So it works, after all! Why I installed the German coronavirus tracing app

Commentary

Open-source software, transparent communication, and public-private cooperation with both large and small companies—the development of the German contact tracing app could be a model for future government IT projects.

Teaser Image Caption
Corona-Warn-App: Transparency through open-source software

I did it. Like millions of Germans, I downloaded and installed the coronavirus contact-tracing app on my smartphone. And so far, I have no major bones to pick with it.

For me, this is very unusual. I have been dealing with the issue of data protection in the digital age for more than 15 years now. I've sued companies for my data, and I fight for constitutional and human rights on a daily basis. And yet, I made a conscious decision to install and use this app that collects my data.

Its decentralized architecture ensures that my smartphone can communicate with other users’ phones without my personal information leaving my device. The app runs silently in the background. Even the initial concern that the app would drain the phone battery turned out to be unfounded. With well over 14 million downloads from the app stores by the end of June and no known security gaps worth mentioning so far, the German app really hit it out of the park.

SAP and Deutsche Telekom have created an open-source product, demonstrating that high levels of data protection, proper IT security, and open-source software don’t have to compromise user-friendliness. At the same time, the development process of this app may become a blueprint for many future government IT projects.

A pragmatic decision in favor of decentralized data processing

It was not a foregone conclusion that the app would be a success. Initially, during March and April, the German government was zigzagging. First, it wanted to evaluate radio cell data to track infection paths. After this met with public resistance and massive concerns about the usefulness of this data, the government backpedaled and opted for a Bluetooth-based contact-tracing approach with central data storage and evaluation.

The latest shift, away from central data storage and in favor of the current approach to calculate infection risks locally on individual user devices, was a pragmatic decision. After Apple and Google, the manufacturers of the dominant mobile operating systems on the market, announced that they would make a new Bluetooth interface available only for apps that distribute and store data in a decentralized manner, it became clear that any app without this interface (the API) would be severely limited.
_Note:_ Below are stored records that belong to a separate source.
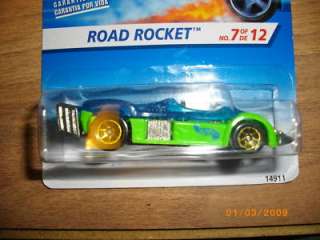 Hot Wheels 1995 ROAD ROCKET Green MOC gold gbbs  
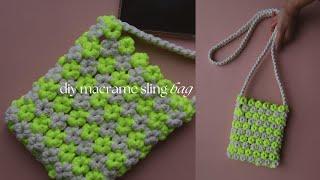 DIY Macrame Sling Bag - Cross Body Bag | Bolsa de Macrame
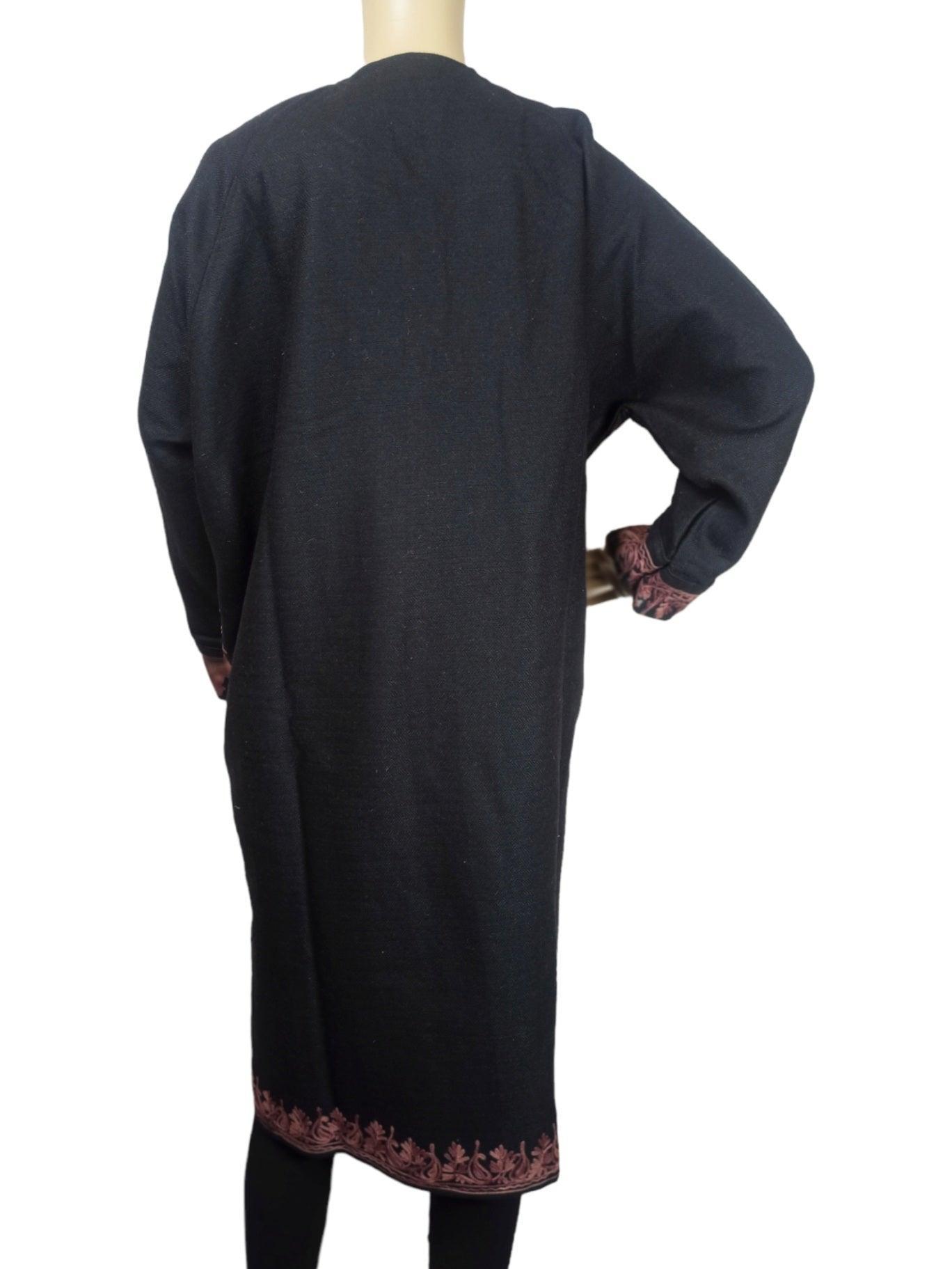 Women Yak Wool Faran | XXL Dark Black | V Neck - ZANSKAR ARTS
Without API-enabled access, data could only be exchanged if the app remained open in the foreground at all times, which would quickly drain batteries and require users to reopen the app after each restart. It remains to be seen whether a tracing app without this interface can also work, for example, in countries that opted for centralized systems such as France. So far, however, the numbers are sobering and downloads are sluggish.

The German government made the right decision when it opted for a decentralized approach and thus for compatibility with the new API. And once this decision was made at the end of April, implementation got off the ground quickly. The Chancellor’s Office and the Federal Ministry of Health required the involved companies to be consistently open and transparent about the process – earning both praise from champions of data protection and the public’s trust. The publication of the source code was a breakthrough, because open-source software is a rarity in government IT projects.

Startups were involved in the process

SAP and Deutsche Telekom, the two largest German companies in the field, were contracted to implement the project. The fact that the government went with the big players rather than smaller technology companies comes with a hefty price tag: the app will cost 68 million euros over two years. But – and this is also a novelty – the two corporations developed the app in collaboration with a network of startups that had rallied under the slogan “Gesundzusammen” (healthy together). The startups improved the app’s user-friendliness by contributing their experience in direct customer contact. SAP is a business-software manufacturer that does not normally deal with end customers, and Deutsche Telekom is not exactly renowned for stellar customer service.

These are the lessons learned from three months of discussion, testing, and now the roll-out:

1. Transparency creates trust

The confusing dispute among experts on whether to opt for a centralized or decentralized approach initially sowed skepticism among the general public. In addition, the German population generally does not have much confidence in the state when it comes to IT projects. Major billion-dollar projects such as the electronic patient file are stalled and most citizens don’t see the point of an electronic ID. In addition, although Germany is paying lip service to data protection and IT security, it is also torpedoing these very values with an unconstitutional security policy, the most recent example being a proposal to allow domestic intelligence services to engage in hacking.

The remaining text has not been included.